■ **TO DO**:
Leave the pictures out. Transcribe exactly every line from the start of the records through the one containing "Base de lit".

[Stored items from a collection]
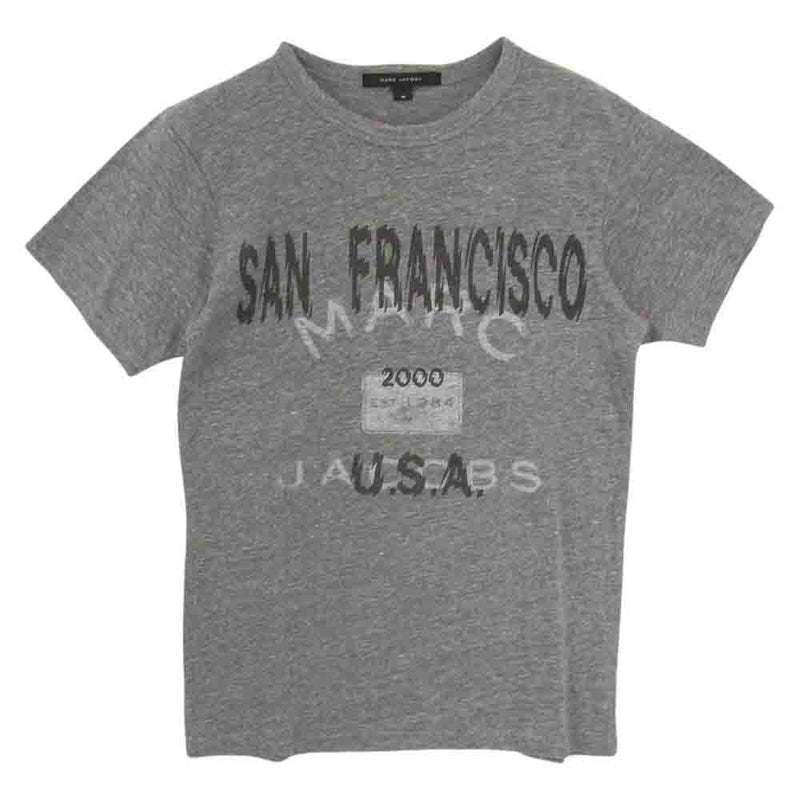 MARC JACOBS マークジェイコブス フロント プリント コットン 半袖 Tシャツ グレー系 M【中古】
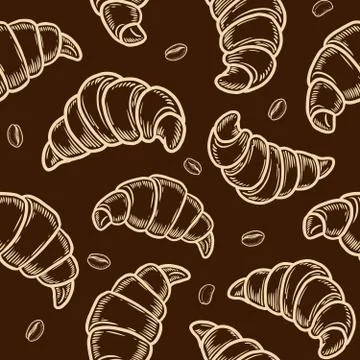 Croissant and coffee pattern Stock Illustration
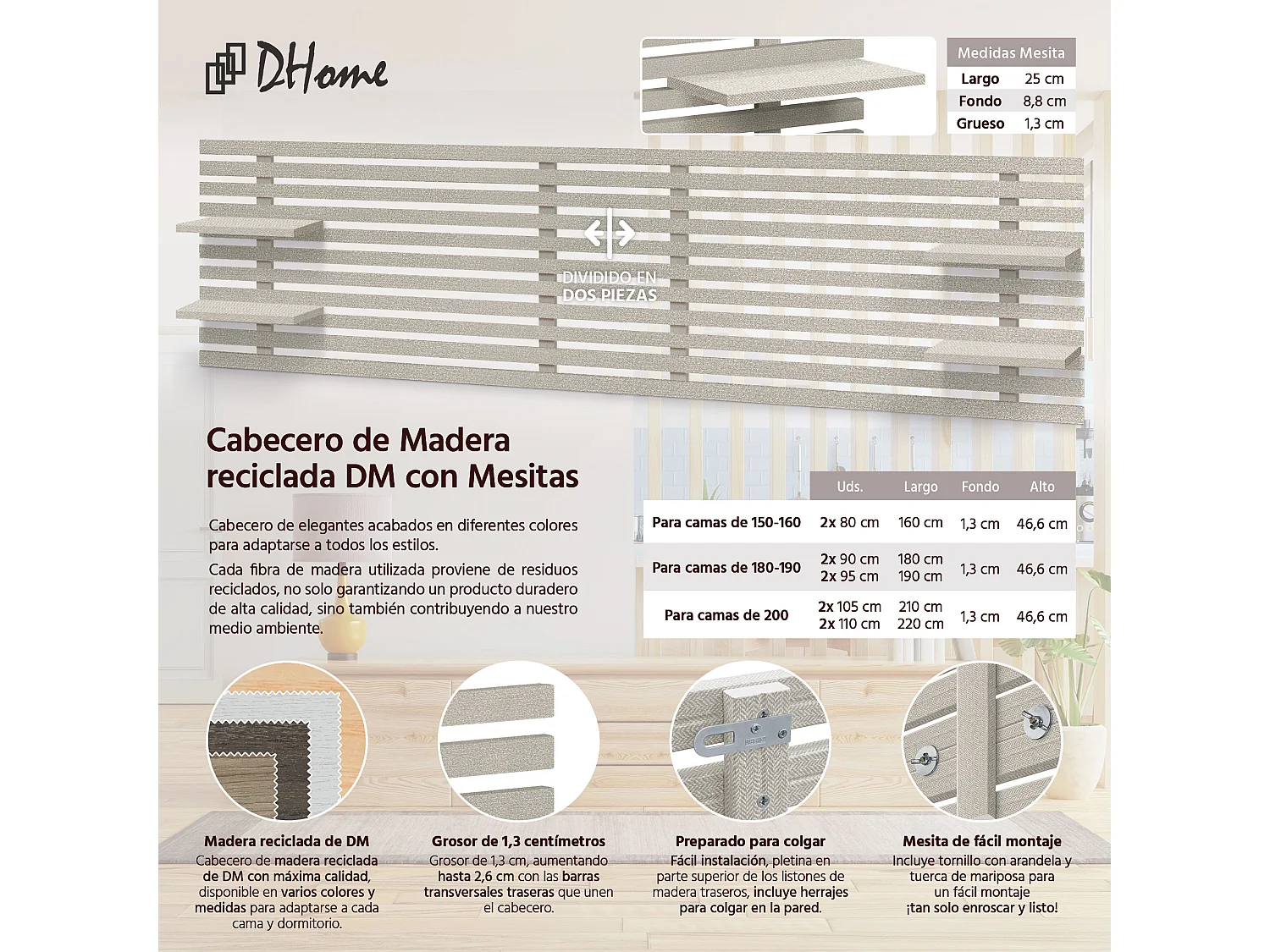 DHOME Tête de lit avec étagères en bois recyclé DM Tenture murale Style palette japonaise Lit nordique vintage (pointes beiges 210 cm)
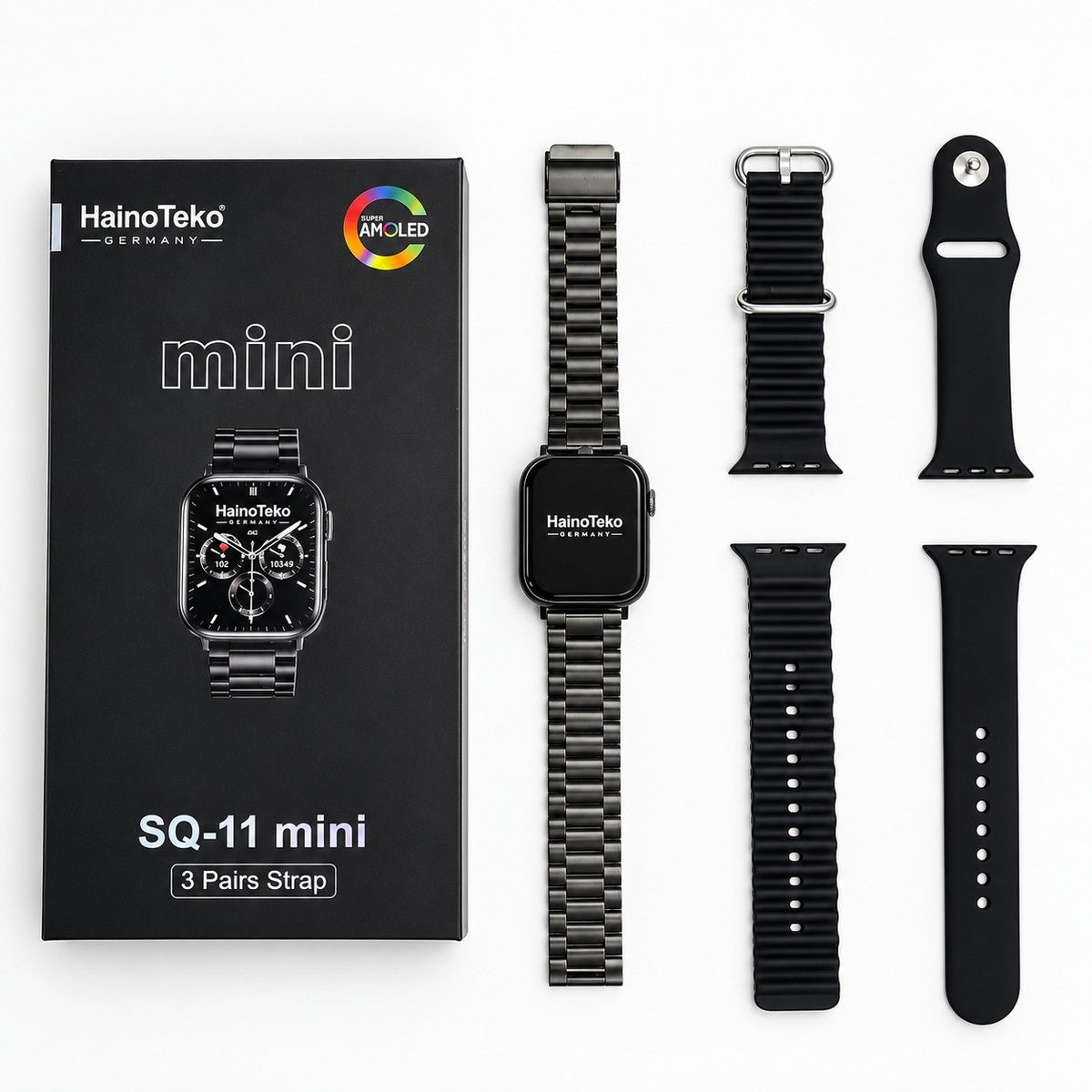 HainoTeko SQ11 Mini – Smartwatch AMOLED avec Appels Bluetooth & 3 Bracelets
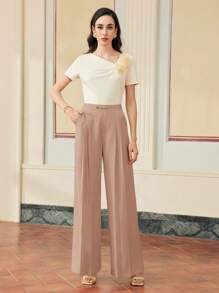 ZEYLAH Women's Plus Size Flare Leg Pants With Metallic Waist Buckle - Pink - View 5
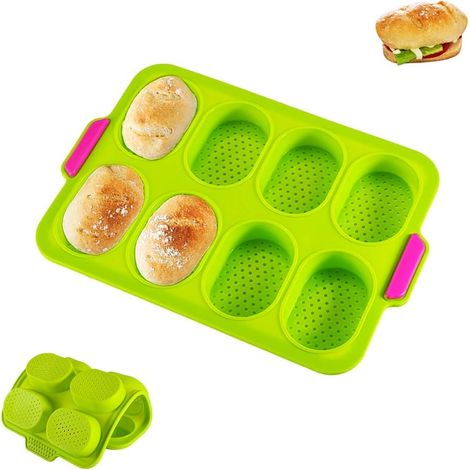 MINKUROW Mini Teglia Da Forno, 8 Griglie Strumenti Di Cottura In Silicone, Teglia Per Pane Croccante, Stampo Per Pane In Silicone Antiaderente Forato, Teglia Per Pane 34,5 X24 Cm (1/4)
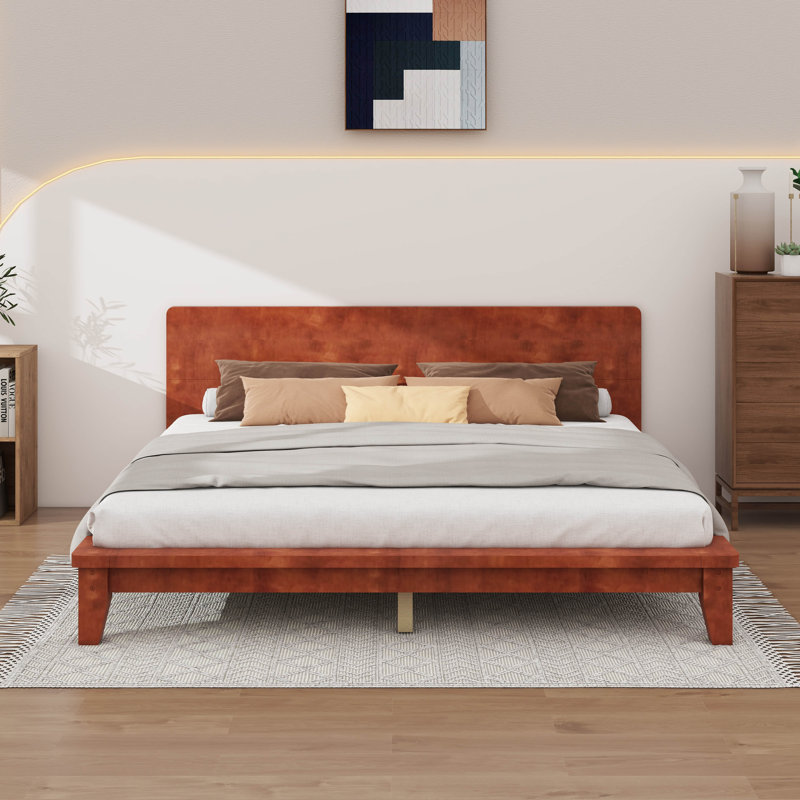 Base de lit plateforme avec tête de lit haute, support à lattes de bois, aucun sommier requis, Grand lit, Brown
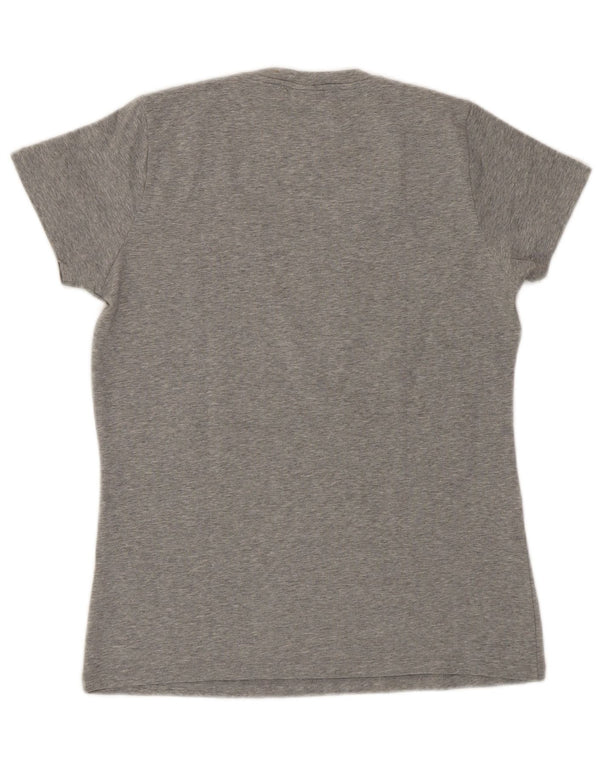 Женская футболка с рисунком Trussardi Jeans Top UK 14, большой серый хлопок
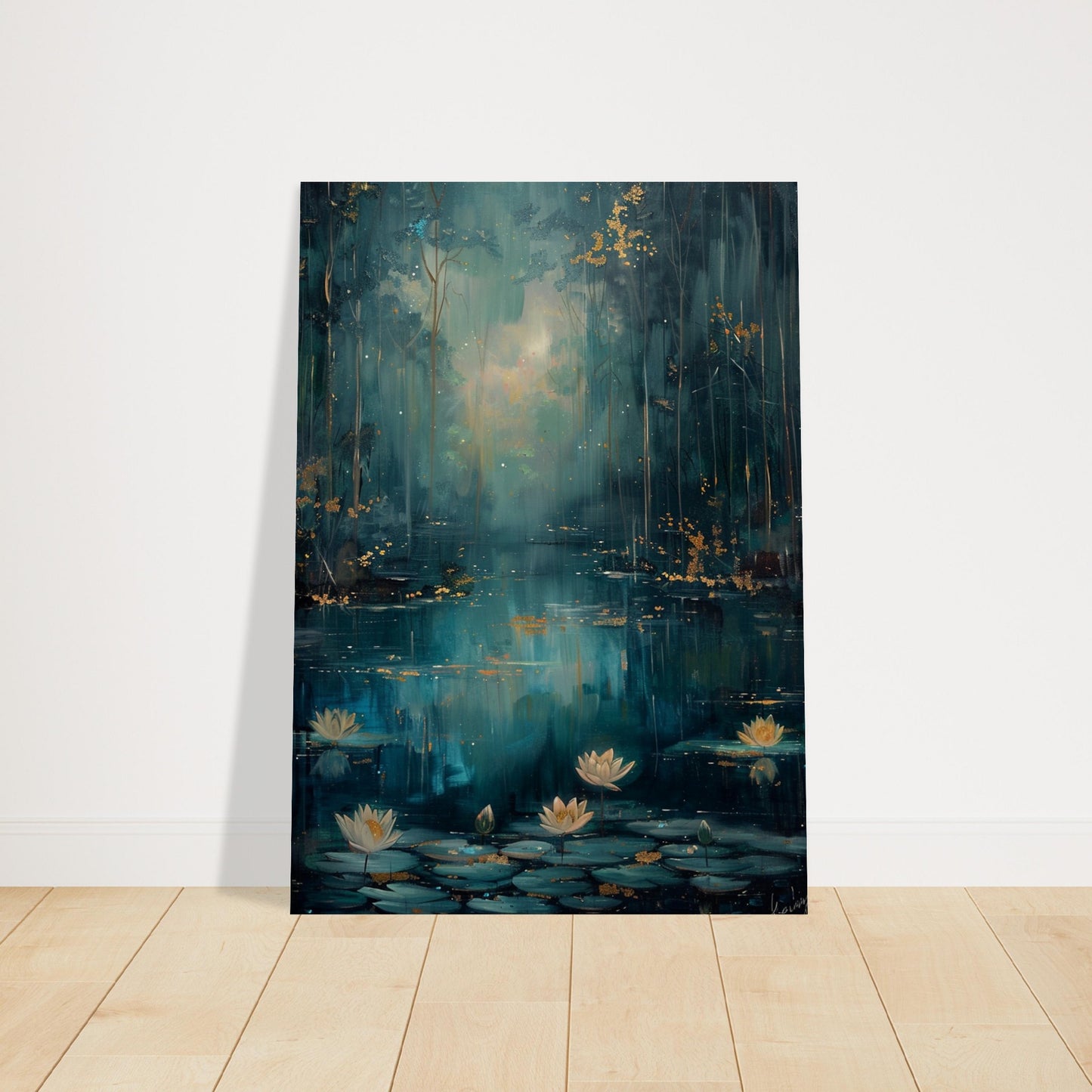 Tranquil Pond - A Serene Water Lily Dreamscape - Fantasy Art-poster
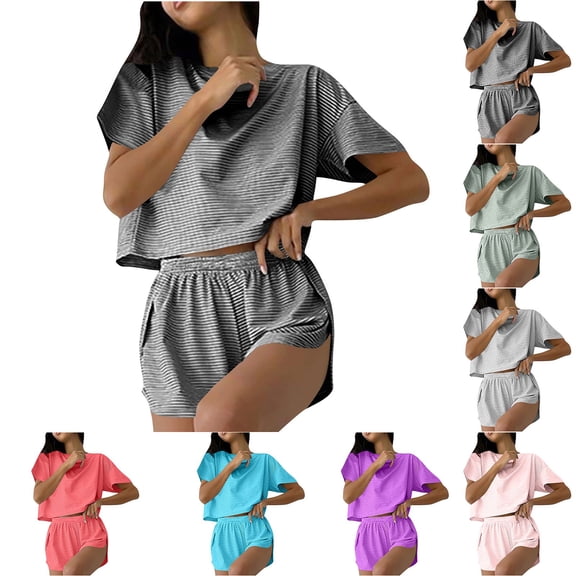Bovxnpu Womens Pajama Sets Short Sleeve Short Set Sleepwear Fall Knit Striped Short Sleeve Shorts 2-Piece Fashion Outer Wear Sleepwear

■ **SOLUTION TO THE EXERCISE**:
 MARC JACOBS マークジェイコブス フロント プリント コットン 半袖 Tシャツ グレー系 M【中古】
 Croissant and coffee pattern Stock Illustration
 DHOME Tête de lit avec étagères en bois recyclé DM Tenture murale Style palette japonaise Lit nordique vintage (pointes beiges 210 cm)
 HainoTeko SQ11 Mini – Smartwatch AMOLED avec Appels Bluetooth & 3 Bracelets
 ZEYLAH Women's Plus Size Flare Leg Pants With Metallic Waist Buckle - Pink - View 5
 MINKUROW Mini Teglia Da Forno, 8 Griglie Strumenti Di Cottura In Silicone, Teglia Per Pane Croccante, Stampo Per Pane In Silicone Antiaderente Forato, Teglia Per Pane 34,5 X24 Cm (1/4)
 Base de lit plateforme avec tête de lit haute, support à lattes de bois, aucun sommier requis, Grand lit, Brown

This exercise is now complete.